I started biking home from work last fall, & this spring I started making it a round trip.  It’s about 3.7 miles each way, & a year ago, the thought of making that trip twice each day would have been overwhelming to me.

Now I can’t imagine living any other way.  It’s possibly the best decision I’ve made all year, and one of the most significant & rewarding lifestyle changes I’ve made in several.  It’s been key to helping me control my waistline and finally start to lose weight, not to mention build stronger legs.  It’s made it easier and safer for me to make it home after a beer or two (not advocating drunk cycling, of course!).  And it’s helped me become a safer and more conscientious cyclist.  I’ve even decided to try biking into the winter months this year, purchasing a cycling cap at REI to wear under my helmet when it gets cold for that very purpose.

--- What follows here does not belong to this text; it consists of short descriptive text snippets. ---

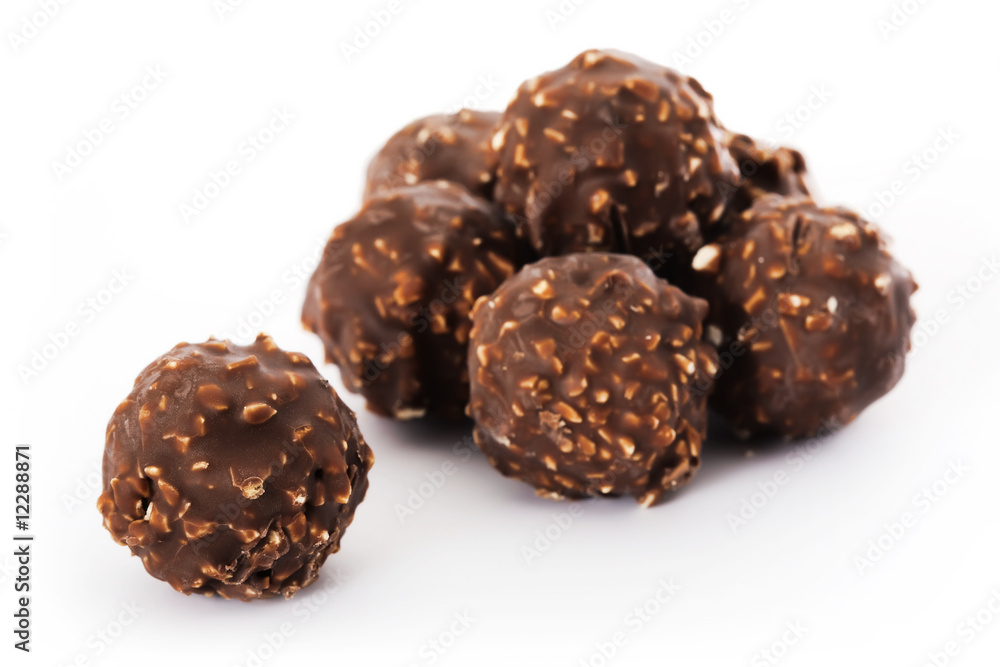 Chocolates with nut on white background Chocolates with nut on white background
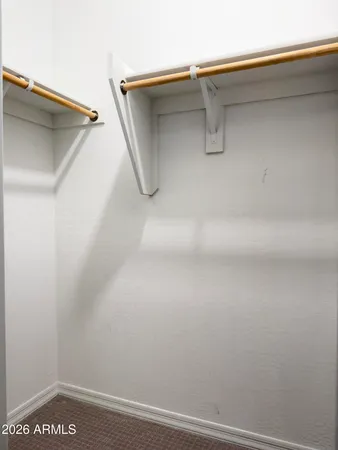 a bathroom with a sink toilet vanity and shower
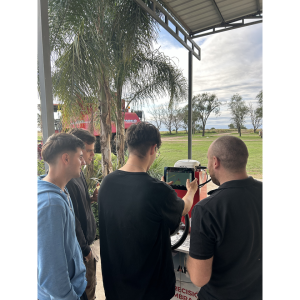 People looking at a piece of equipment together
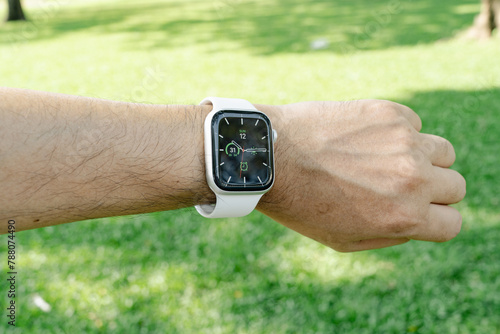 Smartwatch on Wrist in Outdoor Setting. © InfinitePhoto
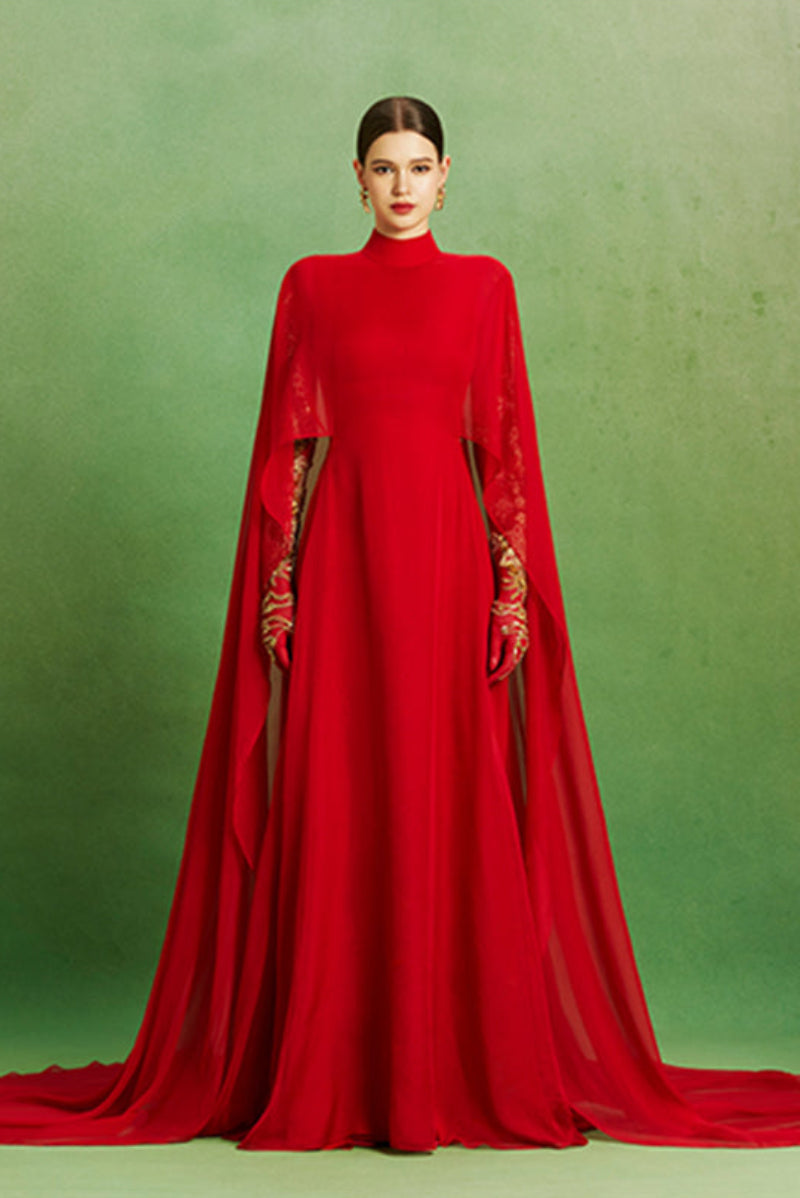 Elegant Scarlet Majesty gown by Le Thanh Hoa featuring rich fabric and intricate design, displayed on a mannequin.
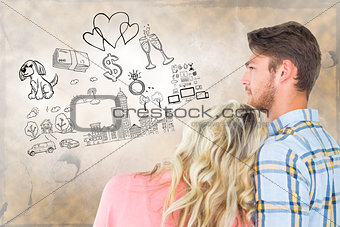 Composite image of attractive young couple looking together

In light of the many benefits that biking has bestowed upon me, I want to give a shout out to a few organizations and colleagues:

  • Tour de Troit, which my man* & I are riding in for the second year in a row this coming Saturday.  It’s one of an ever-increasing number of organized rides taking place in Detroit.  My first time around last year, it was the longest ride I’d undertaken to that point and it helped show me I could not only ride that far, but enjoy it too.   In every neighborhood we passed through, the residents universally gave us an enthusiastic welcome.  It’s a great way to see the city, including parts many of us would probably never explore on our own, and I can’t wait to do it again.
  • The Washtenaw Bicycling & Walking Coalition, which has an active listserv I recently subscribed to.   It’s filled with insightful commentary and plenty of debate.
  • The Streetsblog Network, which serves as a clearinghouse for the interests of pedestrians, cyclists and anybody else who values safe streets and alternatives to motor vehicle transport.  Streetsblog tirelessly publicizes these issues on the national level and by helping to alert and engage readers in advocacy, most recently when Senator Coburn briefly (and, in part thanks to Streetsblog, unsuccessfully) held the federal transportation funding extension hostage solely for the purpose of stripping funds for bike and pedestrian safety projects.
  • Local blog M-Bike.org, which does a great job of publicizing and promoting rides in southeast Michigan.  It also offers diligent political advocacy similar to Streetsblog’s but focused on the state and local level.
  • And, last but not least, this blog’s dear colleagues at Damn Arbor, who introduced me to the novel genre of bike porn.  (Speaking of which, I can attest that there is nothing that drives pageviews through the roof more than casually including the word “porn” on your blog from time to time.  This was by far my most-visited post until my Richard Florida piece.)
There are plenty of people who hate cyclists and resent our presence on the roads.  I’m impressed by how effectively we are mobilizing and educating ourselves & others in response.  It’s one of the few bright spots of popular activism in today’s USA and has truly transformative potential for public health, transit, our economy, and the environment.  I encourage all able-bodied readers who aren’t already biking to take the plunge and start incorporating it into your daily routine, whether it be to work, to school, or for errands, and everybody else to check out the blogs and groups I’ve mentioned above.   I suspect that, like me, you’ll be glad you did.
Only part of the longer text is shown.